The first of the guest speakers was a 15-year-old girl who has been working with the ISPCC for the past six months to assist her with bullying issues. Telling her story at the launch she said: “I’ve been working a lot with the support worker and learning to not engage with the bully and to walk away, whereas before I’d have responded to a bully and got into a fight or into trouble maybe. Whereas now I walk away and won’t respond to them, the effects that it would have had [the bulling] would be that I would lose pride in myself and I have been working on building up pride in myself, so I can’t be torn down again. A lot of people think that I’m over confident because I would take a dare and I’d do it and it could be dangerous and I could hurt myself, just trying to get popular, which wouldn’t really help out. So I decided that I would stop that and ISPCC has helped a lot.”

To show how much the support of the ISPCC had meant to her, she composed a poem about her experiences called “You can try” which she read out to those in attendance. The poem read:

“You can try and knock me down, but I will get back up. You can call me names and spread your little lies. You can try and make me cry, but I will not even try. You can say your nasty things and tell even more lies. You can try and hurt me with your words, but I will just ignore. You can try to hurt me with your words, but I will just ignore. You can try, but you will not hurt me on the inside any more.”

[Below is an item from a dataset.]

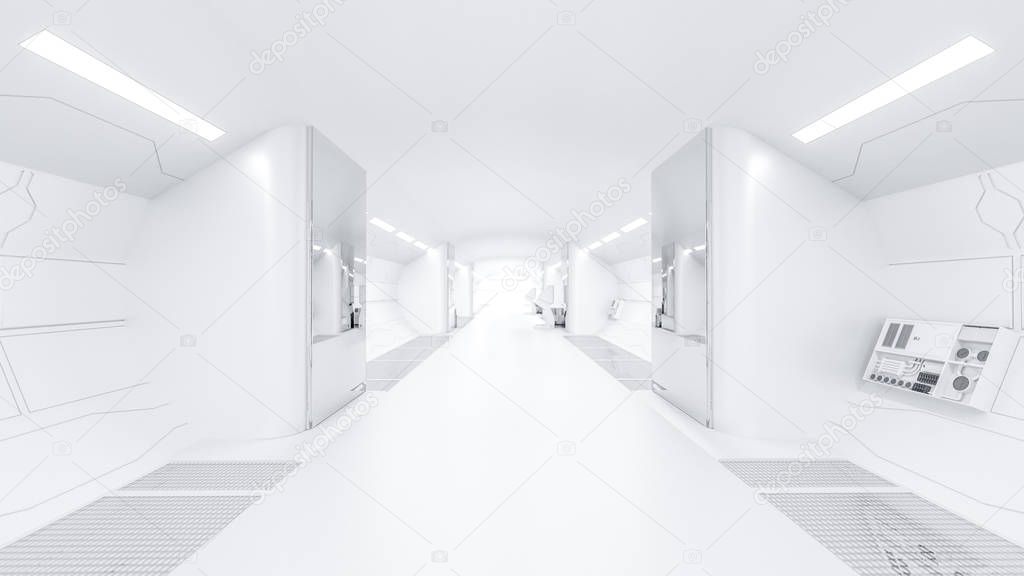 science lap and over light at end selective focus sci-fi corridor , 3D render.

Offering help when it seems hard to find

The second guest speaker was a mother with two young children. After noticing a change in her elder son two years ago she sought the help of the ISPCC. Speaking at the launch she said: “I have two kids, my oldest son is nine and two years ago I noticed a big change in him, he became withdrawn, angry, and he wouldn’t talk. He cried all the time and eventually my own GP decided possibly he was depressed, which I was thought was crazy, he’s seven years old, there’s no way. We were referred on to see a doctor and was told that most likely was the case.

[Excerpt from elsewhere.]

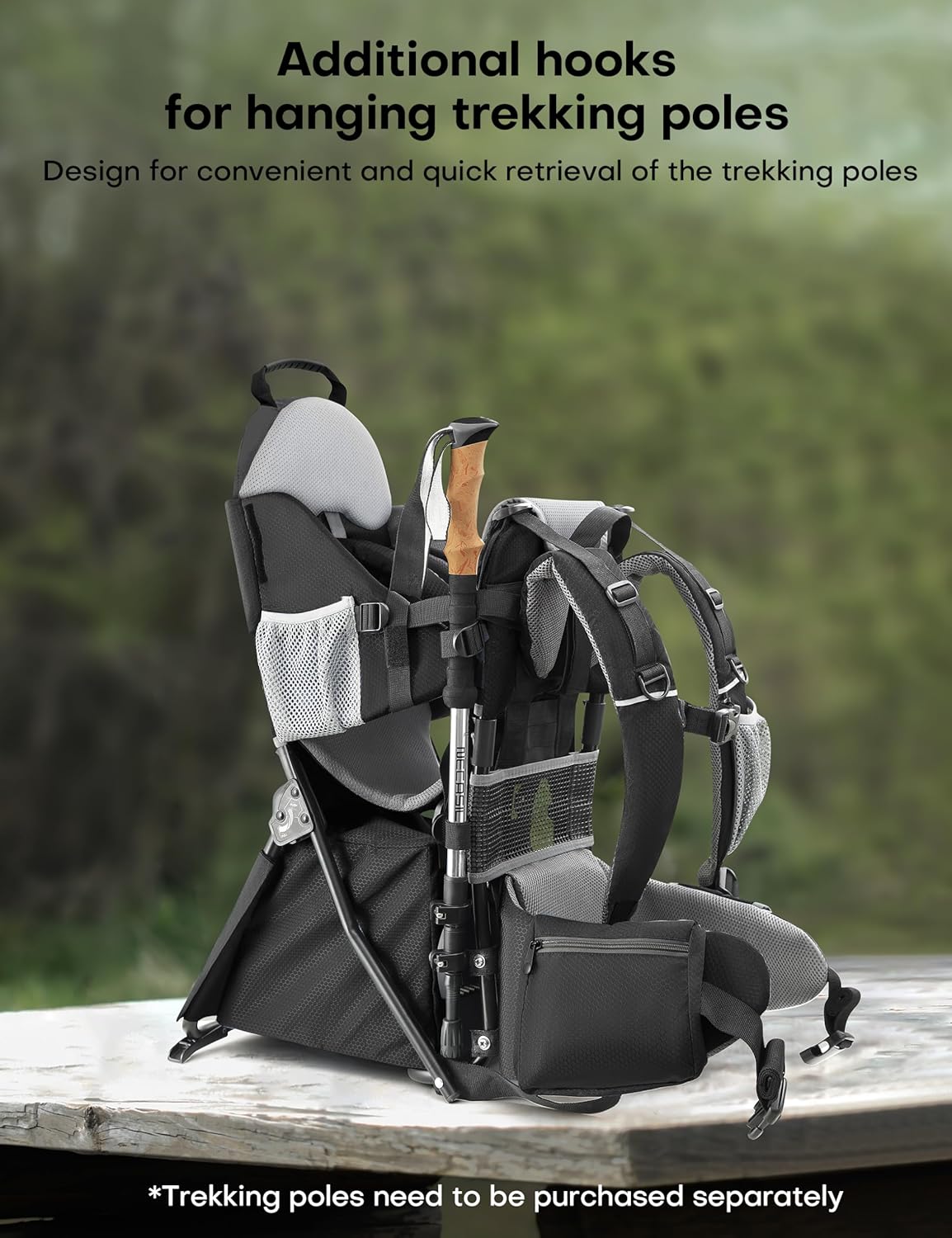 besrey Baby Backpack Carrier, Toddler Hiking Backpack with Safety 3-Height Seat, Adjustable Straps&Waist Belt, Foldable Frame Lightweight Large Capacity Child Carrier for Hiking (Black/Grey)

“We were refereed to Child and Adult Mental Health Services (CAMS ) here in Castlebar, and they said they would be in touch and wanted tests done and they were and were sent in. In the meantime, I was climbing the walls and I was at my wits’ end, I didn’t know what to do with this little boy, who was always happy and, you know, was a child. He was always crying and I tried everything that was suggested. And then by accident I was told this service was here, so I thought I had nothing to lose while I was waiting, so I did and thankfully it’s the best thing that ever happened.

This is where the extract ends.